Malgré la misogynie qui peut parfois transpirer dans les sports mécaniques, Buscombe avoue ne jamais avoir eu de problèmes avec les pilotes qui passent facilement au-delà du genre et se concentrent sur le travail à effectuer : « Je n’ai aucun problème avec les pilotes car ils veulent tous faire de leur mieux. J’ai eu une bonne relation avec tous les pilotes avec qui j’ai travaillé, ils étaient très réactifs. C’est un environnement tellement compétitif que ça ne leur change rien que ce soit une femme ou un rongeur qui leur parle ».
« Je suis passée de la volonté d’être une princesse à celle d’être une astronaute, puis finalement être en F1. Je jouais à tous les jeux de F1 et je remarquais bien que les personnages étaient des hommes. A l’école, des professeurs essayaient de me dissuader de faire des études d’ingénieur, pas parce que je n’étais pas douée mais parce qu’ils se demandaient si je voulais vraiment faire cela, et il faut que ça change ».
« Quand les filles grandissent, elles ont vite une image qui leur dit ce que font les hommes et ce que font les femmes, et à moins d’être têtue comme je l’étais, une personne un peu hésitante se fera convaincre par les professeurs et les médias que ce genre de carrière est pour les hommes ».

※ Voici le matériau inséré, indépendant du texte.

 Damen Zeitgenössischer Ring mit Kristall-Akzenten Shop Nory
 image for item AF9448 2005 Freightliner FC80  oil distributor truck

Ce qui n’a pas été son cas puisqu’elle est d’abord passée chez Ferrari dans le département du développement stratégique avant d’être appointée stratégiste de course chez Haas où elle avait notamment participé à la stratégie qui avait offert la sixième place à Romain Grosjean pour la première course de l’équipe américaine. Ces performances ont convaincu Sauber de lui offrir un rôle de responsable de la stratégie.
« J’ai été obligée de prouver ma valeur face à certaines personnes avec qui j’ai travaillé et à chaque fois, c’était le même défi qu’une course. Il faut avoir confiance en soi, chaque difficulté m’a rendue plus forte, a renforcé ma motivation et m’a permis d’être plus performante » poursuit-elle. « J’appelle ça le syndrome « prouve-le encore », il faut toujours plus prouver sa valeur et sa légitimité que si on était un homme ».
La jeune femme reconnaît également avoir été inspirée par sa responsable actuelle, Monisha Kaltenborn, lorsqu’elle était à l’université : « Nous avons une femme comme directrice chez Sauber, et ça donne le ton pour toute l’équipe. Personne chez nous ne se soucie de savoir s’ils s’adressent à une femme ou un homme, nous cherchons juste à travailler en équipe et signer de meilleurs résultats ».
« Le monde de la F1 change et avoir des femmes comme Monisha et Claire Williams signifie que lorsque les gens allument leur télé, ils ne voient plus uniquement des hommes blancs d’âge moyen, et c’est fantastique, puisque nous avons aussi un triple champion du monde noir. La F1 change plus lentement que ce que nous aurions voulu mais elle doit évoluer. Nous devrions avoir les meilleures personnes et ne pas faire cas de la couleur ou du genre, simplement du talent ».